__Task inputs__:
········
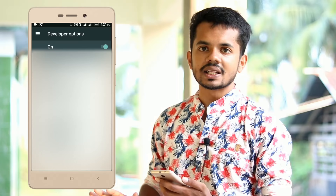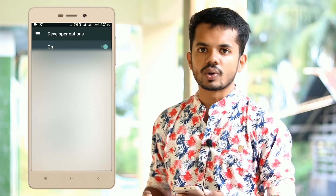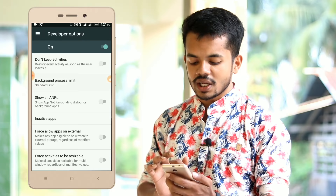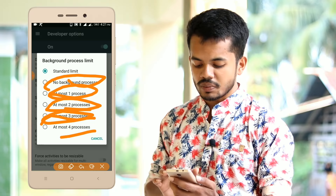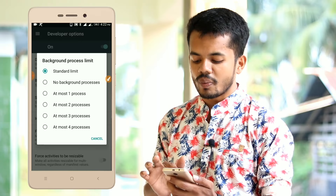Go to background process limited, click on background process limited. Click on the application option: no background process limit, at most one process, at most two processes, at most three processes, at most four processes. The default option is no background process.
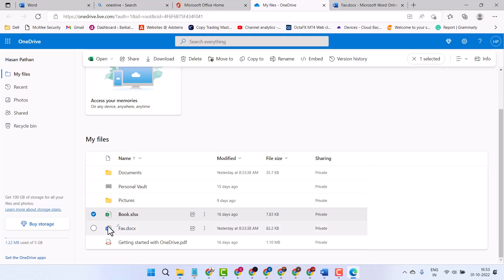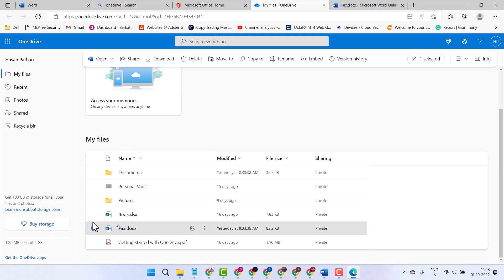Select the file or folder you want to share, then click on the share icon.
········
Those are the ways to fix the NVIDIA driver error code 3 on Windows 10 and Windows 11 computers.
········
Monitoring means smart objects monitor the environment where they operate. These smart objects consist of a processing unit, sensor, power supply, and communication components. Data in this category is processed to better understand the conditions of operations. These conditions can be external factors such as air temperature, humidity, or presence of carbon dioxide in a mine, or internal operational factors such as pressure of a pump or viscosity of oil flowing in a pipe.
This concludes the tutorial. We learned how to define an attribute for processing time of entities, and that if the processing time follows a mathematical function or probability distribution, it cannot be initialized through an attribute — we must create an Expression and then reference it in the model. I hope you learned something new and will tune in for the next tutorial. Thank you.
········
__What the exercise asks__: Reproduce the entries exactly, from the line with "Go to background" to the line with "Select the file", both lines included, keeping no pictures.

__Result for this exercise__:
Go to background process limited, click on background process limited. Click on the application option: no background process limit, at most one process, at most two processes, at most three processes, at most four processes. The default option is no background process.
Select the file or folder you want to share, then click on the share icon.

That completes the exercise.